A LOCAL vicar fighting for reinstatement after he was removed from office for having an affair with a married woman will have his appeal heard next month.
Reverend David King was banned from practising for four years following a Church of England disciplinary tribunal held in November last year – the first Church of England disciplinary tribunal of its kind.
The Chancery Court of York will sit at Leeds Combined Court Centre on Monday 10 March to hear the appeal by Rev King.
Rev King was dismissed as Vicar of Middle Esk Moor, comprising the parishes of Egton, Glaisdale, Lealholm, Goathland and Grosmont, over his relationship with mother-of four Tracy Byrne.

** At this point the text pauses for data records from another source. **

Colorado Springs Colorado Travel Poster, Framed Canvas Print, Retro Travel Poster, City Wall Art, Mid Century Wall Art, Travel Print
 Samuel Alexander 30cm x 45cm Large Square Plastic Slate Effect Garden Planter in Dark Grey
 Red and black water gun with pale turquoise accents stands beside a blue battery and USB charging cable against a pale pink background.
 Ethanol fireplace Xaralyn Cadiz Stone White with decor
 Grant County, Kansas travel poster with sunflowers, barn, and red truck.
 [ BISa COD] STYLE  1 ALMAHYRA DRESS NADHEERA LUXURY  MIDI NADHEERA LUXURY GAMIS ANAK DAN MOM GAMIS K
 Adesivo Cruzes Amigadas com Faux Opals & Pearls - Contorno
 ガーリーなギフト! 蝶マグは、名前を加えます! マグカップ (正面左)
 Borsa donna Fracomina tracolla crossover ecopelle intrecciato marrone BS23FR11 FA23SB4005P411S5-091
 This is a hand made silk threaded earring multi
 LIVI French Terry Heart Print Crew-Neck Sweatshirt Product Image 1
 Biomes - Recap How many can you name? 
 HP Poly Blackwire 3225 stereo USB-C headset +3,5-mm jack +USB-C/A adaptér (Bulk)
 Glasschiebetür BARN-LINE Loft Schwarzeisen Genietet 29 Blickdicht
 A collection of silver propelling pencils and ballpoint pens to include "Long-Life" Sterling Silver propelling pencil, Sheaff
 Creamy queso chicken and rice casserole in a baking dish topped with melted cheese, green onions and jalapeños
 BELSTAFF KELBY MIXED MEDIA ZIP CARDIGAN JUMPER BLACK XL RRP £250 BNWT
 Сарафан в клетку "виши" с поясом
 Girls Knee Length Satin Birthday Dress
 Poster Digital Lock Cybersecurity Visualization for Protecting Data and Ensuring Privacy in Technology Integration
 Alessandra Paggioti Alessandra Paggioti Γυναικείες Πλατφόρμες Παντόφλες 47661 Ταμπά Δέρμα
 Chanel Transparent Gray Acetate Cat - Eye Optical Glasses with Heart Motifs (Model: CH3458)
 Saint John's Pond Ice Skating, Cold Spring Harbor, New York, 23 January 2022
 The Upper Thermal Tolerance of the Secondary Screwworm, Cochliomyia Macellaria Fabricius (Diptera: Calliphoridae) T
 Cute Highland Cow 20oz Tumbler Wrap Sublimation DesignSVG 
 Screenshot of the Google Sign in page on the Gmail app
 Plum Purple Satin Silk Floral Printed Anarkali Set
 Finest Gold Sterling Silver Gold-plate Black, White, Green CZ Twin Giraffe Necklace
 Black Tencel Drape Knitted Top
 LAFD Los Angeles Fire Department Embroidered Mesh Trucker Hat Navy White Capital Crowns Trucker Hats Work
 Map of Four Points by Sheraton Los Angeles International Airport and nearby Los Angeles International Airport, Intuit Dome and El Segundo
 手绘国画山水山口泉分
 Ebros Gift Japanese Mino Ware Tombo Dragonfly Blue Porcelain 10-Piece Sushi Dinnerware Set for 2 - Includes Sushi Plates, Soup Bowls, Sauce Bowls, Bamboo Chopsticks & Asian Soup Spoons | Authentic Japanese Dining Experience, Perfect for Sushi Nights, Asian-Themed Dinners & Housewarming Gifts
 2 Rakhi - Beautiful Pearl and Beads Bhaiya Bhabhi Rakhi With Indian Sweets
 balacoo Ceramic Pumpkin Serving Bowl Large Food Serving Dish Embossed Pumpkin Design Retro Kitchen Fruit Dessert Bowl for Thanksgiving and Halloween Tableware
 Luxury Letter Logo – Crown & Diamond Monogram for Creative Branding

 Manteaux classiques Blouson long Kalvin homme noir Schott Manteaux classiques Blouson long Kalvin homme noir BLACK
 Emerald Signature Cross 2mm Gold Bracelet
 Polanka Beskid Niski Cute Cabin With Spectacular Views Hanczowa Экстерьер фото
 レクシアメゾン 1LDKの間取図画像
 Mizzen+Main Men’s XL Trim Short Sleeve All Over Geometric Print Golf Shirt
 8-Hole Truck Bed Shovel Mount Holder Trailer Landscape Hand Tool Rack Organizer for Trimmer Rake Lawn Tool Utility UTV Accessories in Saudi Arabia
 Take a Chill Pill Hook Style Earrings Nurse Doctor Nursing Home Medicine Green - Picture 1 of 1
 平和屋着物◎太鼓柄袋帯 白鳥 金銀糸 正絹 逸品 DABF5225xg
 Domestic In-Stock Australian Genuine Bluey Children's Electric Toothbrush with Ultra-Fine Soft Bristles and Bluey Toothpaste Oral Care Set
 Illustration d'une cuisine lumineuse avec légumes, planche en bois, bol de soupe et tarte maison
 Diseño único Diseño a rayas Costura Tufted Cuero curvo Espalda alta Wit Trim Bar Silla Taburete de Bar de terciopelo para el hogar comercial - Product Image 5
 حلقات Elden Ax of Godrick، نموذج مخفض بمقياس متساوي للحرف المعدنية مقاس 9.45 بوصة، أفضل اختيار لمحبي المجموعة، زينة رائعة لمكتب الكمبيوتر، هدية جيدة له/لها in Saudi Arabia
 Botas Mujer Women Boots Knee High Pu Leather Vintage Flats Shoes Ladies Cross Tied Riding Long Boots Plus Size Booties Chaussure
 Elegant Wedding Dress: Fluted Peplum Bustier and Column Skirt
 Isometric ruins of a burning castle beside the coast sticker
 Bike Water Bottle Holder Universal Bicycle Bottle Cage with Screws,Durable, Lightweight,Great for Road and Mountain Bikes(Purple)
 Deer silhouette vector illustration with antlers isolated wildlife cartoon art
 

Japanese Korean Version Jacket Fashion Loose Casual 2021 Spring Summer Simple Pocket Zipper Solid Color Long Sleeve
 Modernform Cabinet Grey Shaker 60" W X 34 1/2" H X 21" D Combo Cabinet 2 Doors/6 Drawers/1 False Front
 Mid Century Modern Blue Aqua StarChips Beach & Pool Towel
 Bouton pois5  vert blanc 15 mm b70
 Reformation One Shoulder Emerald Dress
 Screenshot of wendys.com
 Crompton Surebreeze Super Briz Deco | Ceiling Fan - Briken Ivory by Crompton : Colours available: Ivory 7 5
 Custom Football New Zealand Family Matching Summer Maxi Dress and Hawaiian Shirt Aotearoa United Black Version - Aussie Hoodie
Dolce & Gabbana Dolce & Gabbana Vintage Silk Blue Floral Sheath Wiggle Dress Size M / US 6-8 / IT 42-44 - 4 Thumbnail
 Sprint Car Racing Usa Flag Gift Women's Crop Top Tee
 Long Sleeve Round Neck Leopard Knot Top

Last year’s tribunal concluded that the pair had a two-year relationship which “went far beyond merely holding hands or kissing”.
It found the Rev King had “pursued an improper, intimate and physical relationship with Mrs Byrne”, and that he had conducted himself in a manner unbecoming a Clerk in Holy Orders.
Mrs Byrne began divorce proceedings in December 2005 and her estranged husband, James Byrne, who has since moved to Australia, complained to the Archbishop of York.
The fact that Rev King has appealed against the penalty imposed means he has remained Vicar of Middle Esk Moor, but he has not been allowed to conduct any services as he is suspended.
If the penalty is upheld Rev King loses his position as vicar of Middle Esk Moor. He is then banned from being a priest anywhere in the Church of England for the following four years.
His appeal suspends implementation of the tribunal’s original penalty and means the parish cannot find a replacement until the appeal is determined.
The Chancery Court of York, which will hear the appeal, is the senior ecclesiastical court in the Church of England's Province of York. Its presiding judge, known as the Auditor, is The Worshipful Sheila Cameron QC. Hearings are usually conducted in public unless the court itself rules to the contrary. The Church of England disciplinary tribunal in November was held behind closed doors.